O GOLPE DE 64 E A CENSURA À IMPRENSA DO AMAPÁ

Do Editor

A crônica publicada no domingo (16/09) sobre emérito professor Antônio Munhoz Lopes envolvido nos fatos que  redundaram na censura à imprensa do Amapá, decretada pelo golpe militar de 64, foi escrita sem a pretensão de uma pesquisa sobre período agitado da vida política e administrativa do ex-Território Federal do Amapá ainda precisandso ser devidamente esclarecido.
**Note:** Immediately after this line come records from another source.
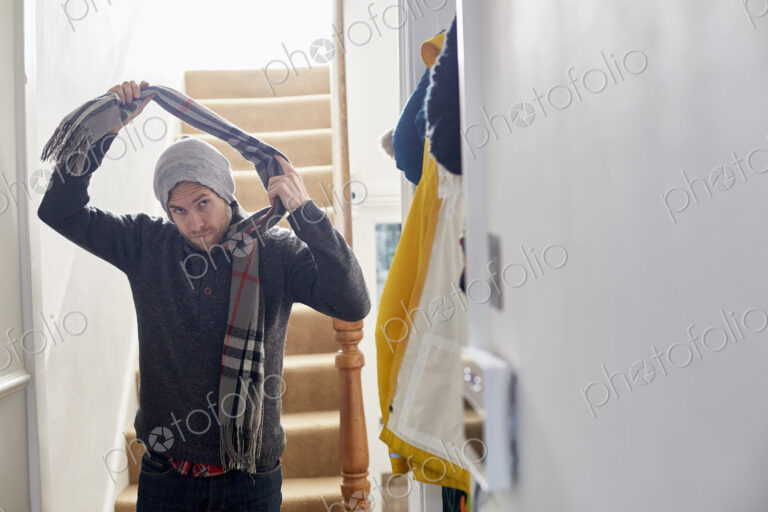A man in a winter coat, hat and scarf arriving home, taking his scarf off.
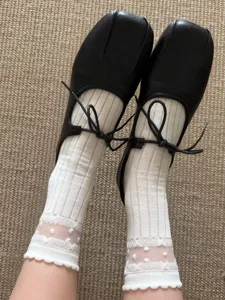 Sheer white polka dot lace socks paired with chic black square-toe shoes, summer detail.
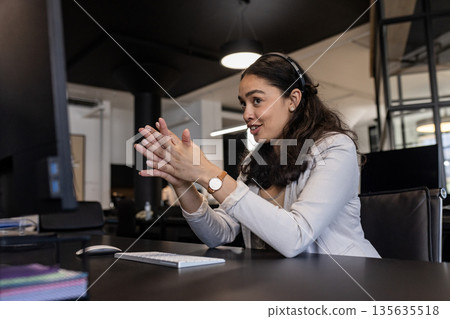Businesswoman in office using headset, engaging in video conference call Businesswoman in office using headset, engaging in video conference call 135635518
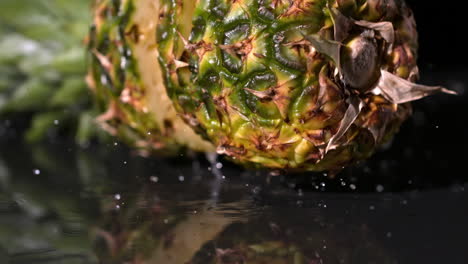 pineapple falling and splitting on black background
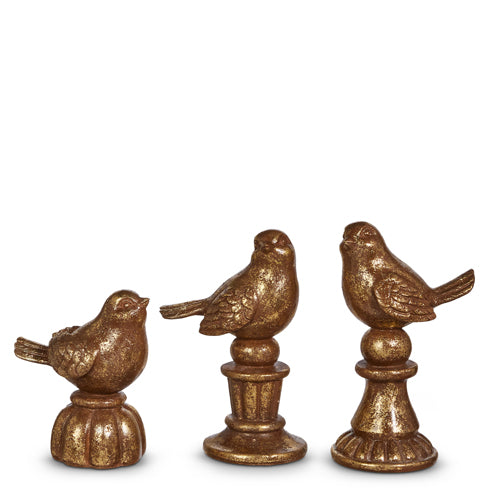 Antique brass resin bird figurines on pedestals with naturalistic silhouettes and textured finish.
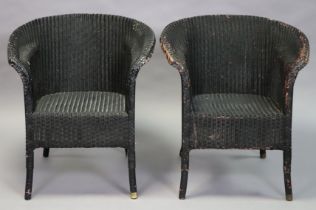 A pair of black painted Lloyd Loom basket chairs.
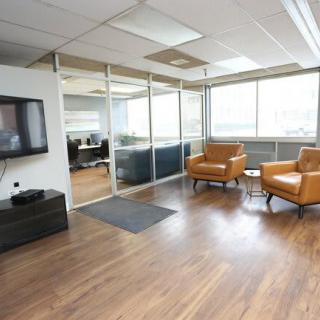 A modern office lobby with two brown chairs, a television, and a glass partition.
Mesmo assim, o texto despertou interesse de ilustre testemunha dos fatos, de alguém que militou na resistência aos militares, o jornalista Ernani Marinho, que citou alguns equívocos e a imprecisão das fontes – e as mais grotescas já foram corrigidas, caso do pioneiro Leonel Nascimento, que nunca foi presidente da Associação Amapaense de Imprensa. O presidente da AAI na época em que foi decretada a censura à imprensa local era o professor e jornalista  Paulo Conrado, outro pioneiro do Amapá, este já falecido.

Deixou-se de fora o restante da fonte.